15.5.24

O Amadeu não era de queixumes

Lisabö, “Gure Hitzak”, in https://www.youtube.com/watch?v=MNH72NIoJx8

Podiam soar os trovões da dor. Podia o sofrimento escavar na pele até se tornar cal em cima da carne. Podiam gritar, inomináveis, as injustiças que assombravam o sono. Podiam açambarcar a fala contra o direito ao queixume. O Amadeu transigia, calado, sofrendo como sempre aceitara o sofrimento, em silêncio. 

Abria uma exceção contra o silêncio como idioma da resignação, quando era testemunha involuntário dos males injustificadamente debitados nos outros. E os outros podiam ser outros para o Amadeu, autênticos forasteiros no seu raio de ação, que logo arbitrava a pendência. Insurgia-se, irascível, metendo pose ameaçadora que dissuadia os feitores das crueldades em curso. Ficou por anotar em livro próprio o inventário das dores que poupou aos outros. O Amadeu era mais amigo dos outros, mesmo quando não eram do seu conhecimento, do que dele mesmo.

Depois entrava em abstenção quando os próceres da iniquidade se abatiam sobre ele. Não queria saber dos infortúnios; não se lamentava, nem no forte apelo da consciência, deixando que o infortúnio fizesse o seu trabalho sujo até ficar um farrapo, estilhaçado pela angústia. Se alguém chamava a titularidade de um vexame, Amadeu condescendia. Era porque aquela pessoa achava que o distrate era preciso; Amadeu, se fosse o caso, ganhava (e de longe) o campeonato da ingenuidade.

Quando Amadeu interpretava os desacontecimentos que o afligiam como um curso do acaso, sabia que o mundo é ilegível. Metia-se dentro de um parêntesis, à espera que a tradução do acaso esgotasse a validade. Fingia. Fingia que o acaso é cruel e patrocinava a indigência como refúgio dos contratempos que vomitavam uma lava doentia sobre os dias consecutivos. Amadeu ficava à margem do tempo, como se fosse um fantasma que escapa à boca faminta dos vultos que povoam o tempo.

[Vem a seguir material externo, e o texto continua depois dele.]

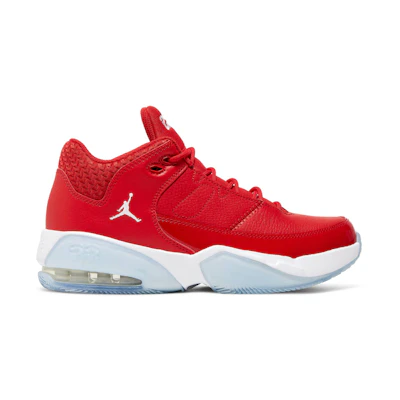 (GS) Jordan Max Aura 3 'University Red'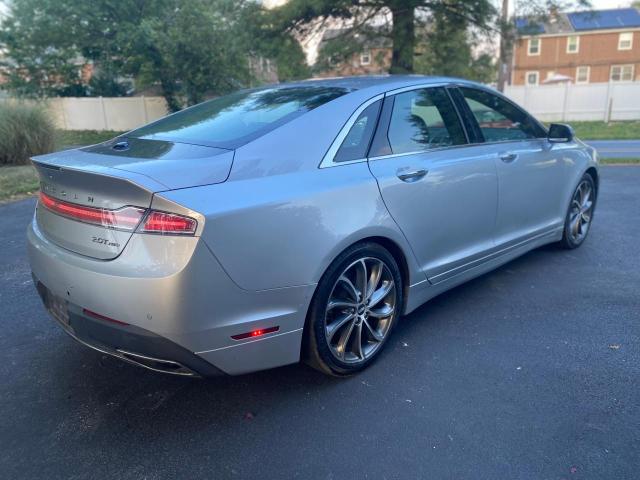 2019 Lincoln Mkz Reserve I vin: 3LN6L5D93KR624087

O Amadeu podia aproveitar o mesmo livro onde anotaria as proezas edificadas contra a crueldade que se abatia sobre os outros para debruar a ouro as vezes em que fora vítima de crueldades sem recorrer ao queixume. Ao contrário dos jogadores de futebol, que se contorcem num exibicionismo pueril a fingir uma dor que não têm, Amadeu compensava com a abstenção do queixume.